J Clin Endocrinol Metab. 2019 Dec 16;:

Authors: Chukir T, Liu Y, Hoffman K, Bilezikian JP, Farooki A

Abstract

BACKGROUND: Hypercalcemia of malignancy (HCM) is a common complication of advanced cancer. Parathyroid hormone (PTH)-independent HCM may be mediated through different mechanisms: 1) humoral HCM, caused by the secretion of parathyroid hormone-related peptide (PTHrP), 2) local osteolysis due to metastatic lesions, and, 3) calcitriol-mediated hypercalcemia.

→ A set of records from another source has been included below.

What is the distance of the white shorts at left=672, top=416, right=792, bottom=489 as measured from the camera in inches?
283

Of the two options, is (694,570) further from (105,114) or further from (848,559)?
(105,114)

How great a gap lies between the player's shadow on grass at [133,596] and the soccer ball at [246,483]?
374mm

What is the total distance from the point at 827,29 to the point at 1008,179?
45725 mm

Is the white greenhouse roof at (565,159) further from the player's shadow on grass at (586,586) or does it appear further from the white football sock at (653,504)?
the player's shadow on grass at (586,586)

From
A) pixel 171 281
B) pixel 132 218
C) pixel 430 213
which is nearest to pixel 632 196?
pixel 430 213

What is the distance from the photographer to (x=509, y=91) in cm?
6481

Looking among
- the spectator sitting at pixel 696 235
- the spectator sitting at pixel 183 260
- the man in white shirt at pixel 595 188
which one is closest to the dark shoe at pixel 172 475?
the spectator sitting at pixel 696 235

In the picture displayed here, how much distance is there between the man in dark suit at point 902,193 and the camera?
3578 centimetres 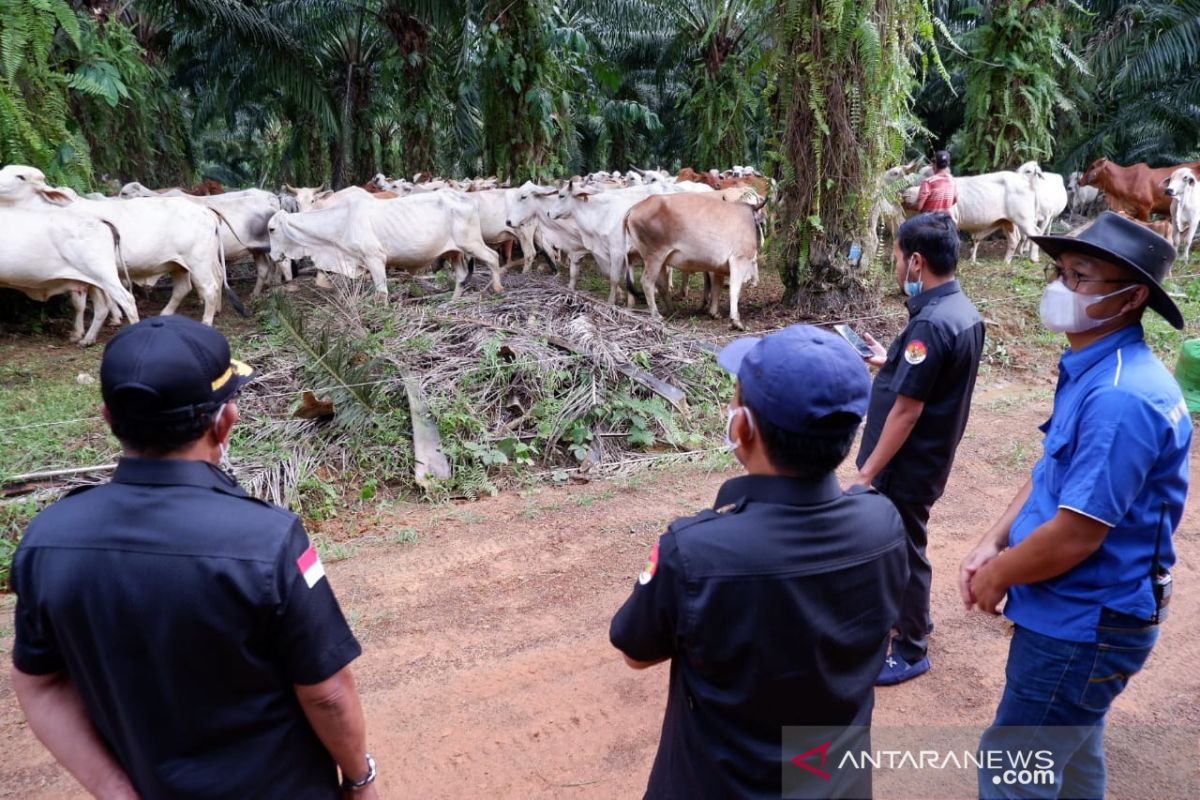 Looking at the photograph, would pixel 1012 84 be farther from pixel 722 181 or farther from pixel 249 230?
pixel 249 230

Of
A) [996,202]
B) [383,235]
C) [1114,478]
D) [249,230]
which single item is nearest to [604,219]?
[383,235]

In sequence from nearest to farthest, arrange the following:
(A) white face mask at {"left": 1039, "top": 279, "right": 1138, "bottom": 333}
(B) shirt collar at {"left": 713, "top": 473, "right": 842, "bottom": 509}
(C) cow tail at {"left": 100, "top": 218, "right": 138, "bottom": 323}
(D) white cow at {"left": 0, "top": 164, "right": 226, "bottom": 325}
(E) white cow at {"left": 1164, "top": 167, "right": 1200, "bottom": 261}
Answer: (B) shirt collar at {"left": 713, "top": 473, "right": 842, "bottom": 509}
(A) white face mask at {"left": 1039, "top": 279, "right": 1138, "bottom": 333}
(C) cow tail at {"left": 100, "top": 218, "right": 138, "bottom": 323}
(D) white cow at {"left": 0, "top": 164, "right": 226, "bottom": 325}
(E) white cow at {"left": 1164, "top": 167, "right": 1200, "bottom": 261}

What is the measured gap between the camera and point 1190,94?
1694 cm

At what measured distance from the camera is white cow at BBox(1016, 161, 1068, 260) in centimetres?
1328

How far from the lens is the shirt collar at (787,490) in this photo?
1671mm

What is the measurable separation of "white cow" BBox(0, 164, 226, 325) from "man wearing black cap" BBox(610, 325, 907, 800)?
9067 millimetres

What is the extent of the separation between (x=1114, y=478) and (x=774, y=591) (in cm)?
99

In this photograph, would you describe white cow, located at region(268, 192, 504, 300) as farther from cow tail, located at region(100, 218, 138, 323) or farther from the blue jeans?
the blue jeans

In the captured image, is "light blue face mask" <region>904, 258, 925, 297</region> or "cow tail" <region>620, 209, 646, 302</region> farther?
"cow tail" <region>620, 209, 646, 302</region>

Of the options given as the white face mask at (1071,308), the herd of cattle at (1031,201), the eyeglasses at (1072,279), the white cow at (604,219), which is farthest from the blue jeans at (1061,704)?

Calcitriol-mediated HCM in patients with non-lymphomatous solid tumors is thought to be rare.

METHODS: We performed a retrospective chart review from 2008-2017 to characterize further patients at our institution with solid tumors who had HCM with concomitant elevations in calcitriol. Patients with PTH dependent hypercalcemia and patients with evidence of granulomatous disease were excluded as were patients with hematologic malignancies. We hypothesized that patients with HCM and elevated calcitriol levels would respond less favorably to treatment with antiresorptive therapy compared to patients with HCM but without calcitriol elevation. We also aimed to assess mortality and determine if PTHrP and phosphorus levels correlate with calcitriol, as both factors may alter calcitriol levels.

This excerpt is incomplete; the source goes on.